TO DO »
Go to the line with "Toyota RAV4 — фото 1" in the material below and copy from there through the line with "ノイカーム(noi Calm", exactly. Pictures are not copied.

Top of RECORDS PROVIDED

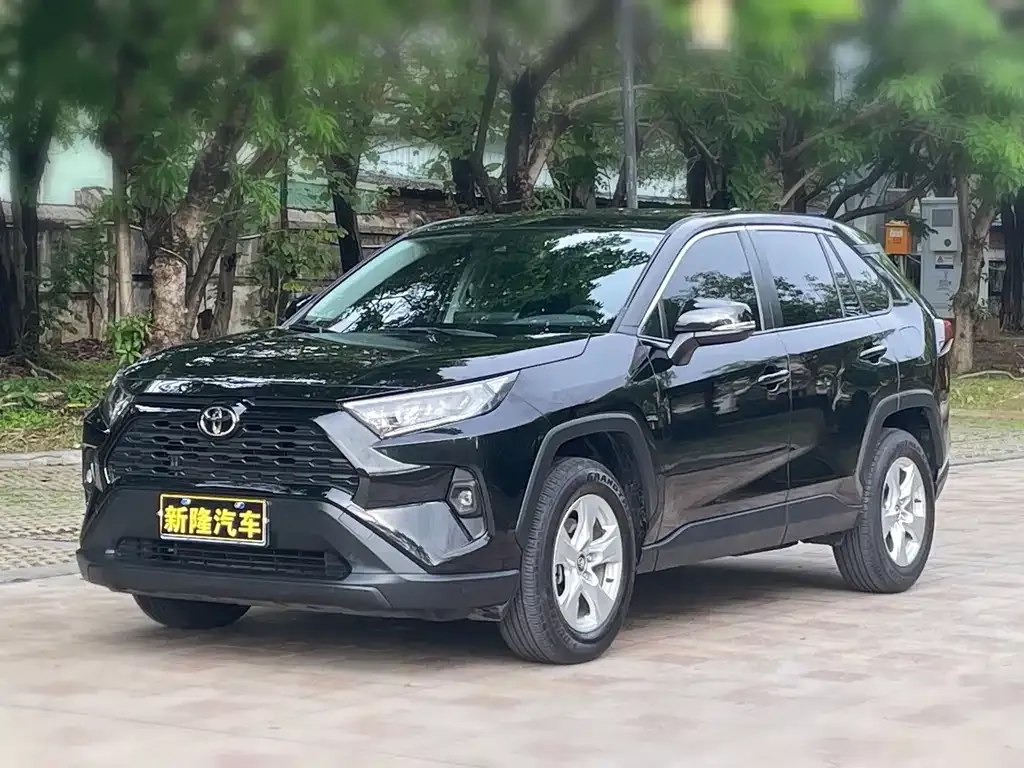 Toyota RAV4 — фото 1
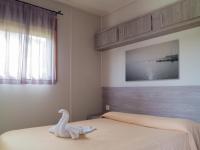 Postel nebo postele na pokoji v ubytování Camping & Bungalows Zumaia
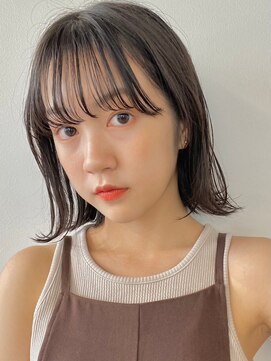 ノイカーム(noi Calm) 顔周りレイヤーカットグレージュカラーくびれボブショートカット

Bottom of RECORDS PROVIDED
Top of RECORDS PROVIDED

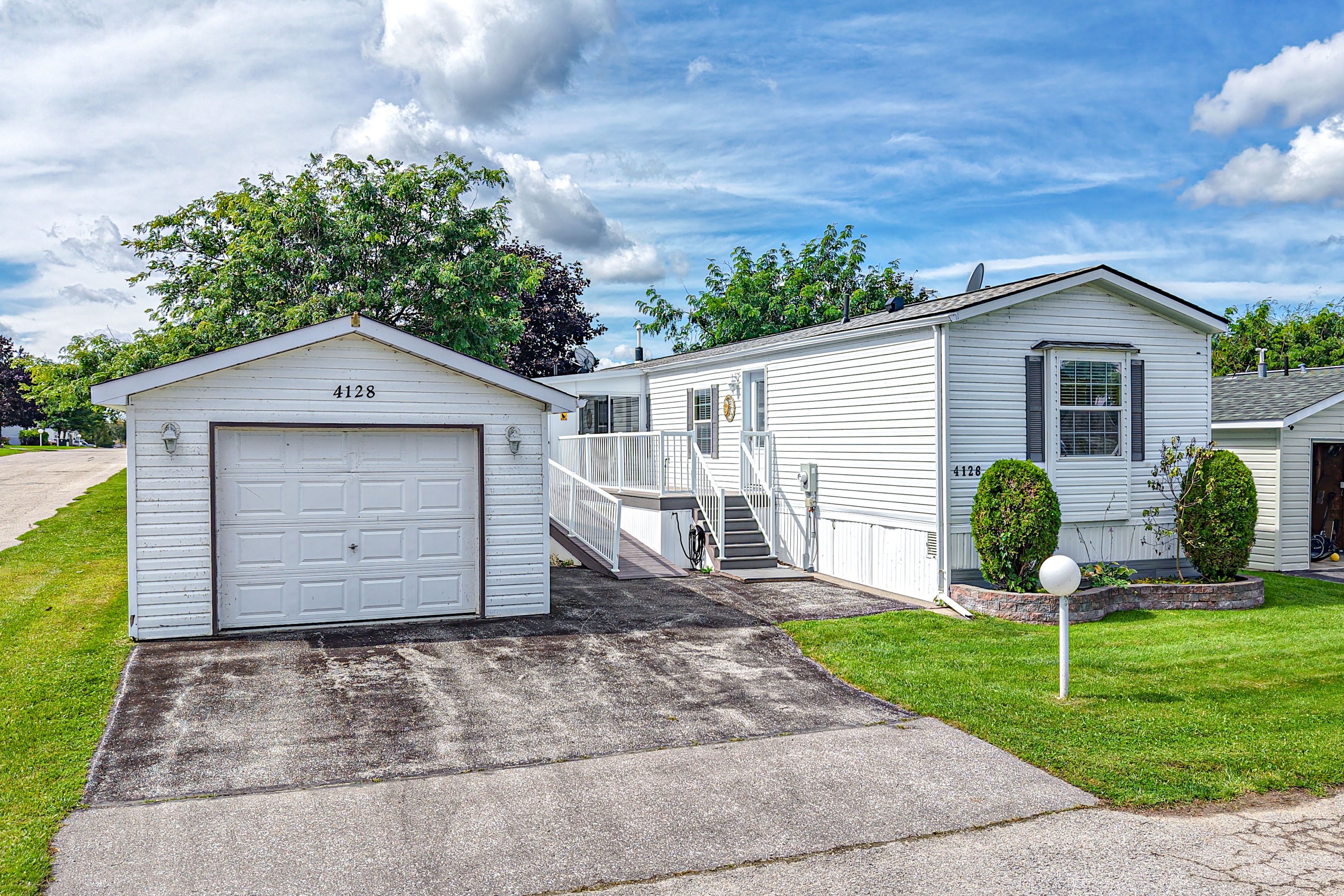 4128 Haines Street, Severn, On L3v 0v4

Bottom of RECORDS PROVIDED
Top of RECORDS PROVIDED

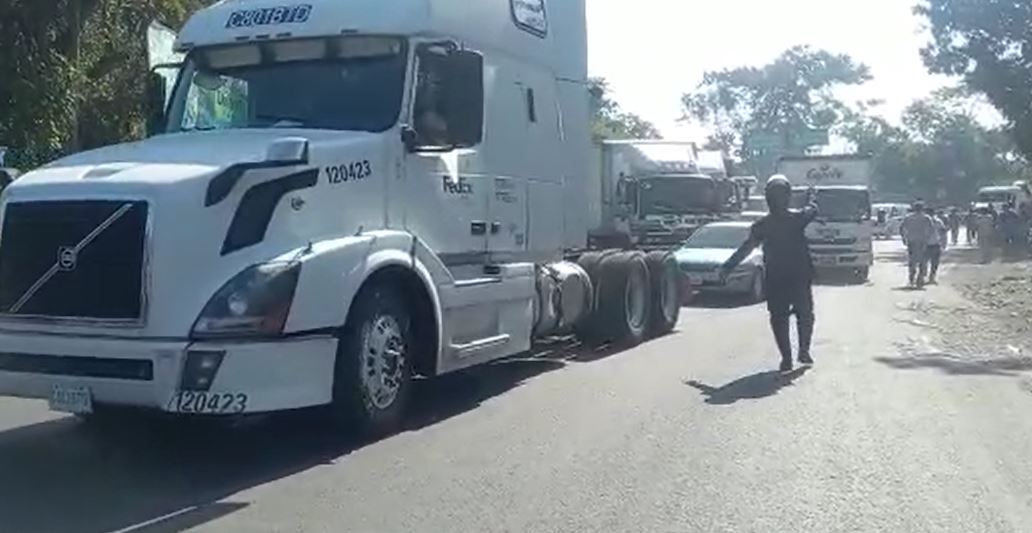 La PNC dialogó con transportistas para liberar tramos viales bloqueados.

Bottom of RECORDS PROVIDED

RESPONSE FOR THIS EXERCISE »
 Toyota RAV4 — фото 1
 Postel nebo postele na pokoji v ubytování Camping & Bungalows Zumaia
 ノイカーム(noi Calm) 顔周りレイヤーカットグレージュカラーくびれボブショートカット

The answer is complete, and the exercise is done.